The modern making of Turkish Alevi Islam
William Armstrong - william.armstrong@hdn.com.tr
A protester in Istanbul holds a sign reading 'Alevism is my right.'
‘Writing Religion: The Making of Turkish Alevi Islam’ by Markus Dressler (Oxford University Press, 345 pages, $69)Alevis make up Turkey’s biggest religious minority. Up to 15 percent of the population, they are often referred to as a branch of Shiism, but their association with distinctive local Anatolian religious traditions is more relevant. The term “Alevism” barely existed before the end of the 19th century, and this book by academic Markus Dressler describes how the idea of Alevism is an almost entirely modern, politically motivated construct. It charts the conceptual shift through which various heterogeneous Anatolian religious groups, for centuries known loosely as the “Kızılbaş,” were resignified as “Alevis” and brought into the Turkish national fold.

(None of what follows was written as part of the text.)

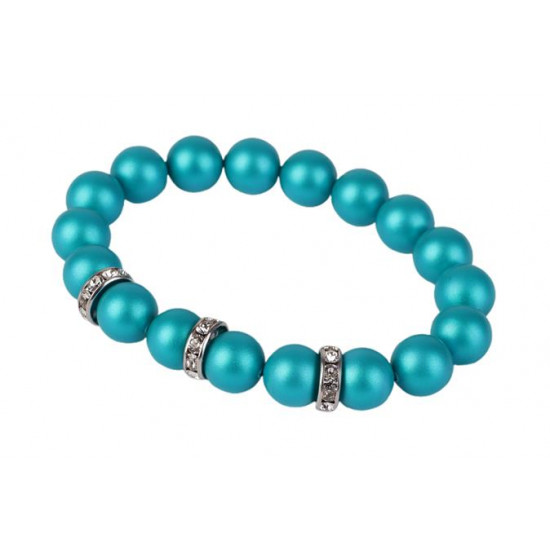 Karkötő, türkiz SWAROVSKI® gyöngyből, fehér rondella kristállyal, 10mm, ART CRYSTELLA® M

At the same time, the renaming from Kızılbaş to Alevi was also destigmatizing. In Ottoman language conventions, the Kızılbaş had been derided as people of loose morals, religiously heretical and politically untrustworthy. The new term “Alevilik” (Alevism) was intended to carry new, more positive meanings. “Their resignification as Alevis turned into them ‘heterodox’ Muslim Turks,” Dressler writes, suggesting that this brought the Alevis under the control of the aggressively centralizing republican state. In contrast with the dangerous Kızılbaş, the Alevis’ syncretism was portrayed as “harmless,” framed more in terms of folklore and culture than in terms of religion. It could therefore be tamed within the new secularist political order.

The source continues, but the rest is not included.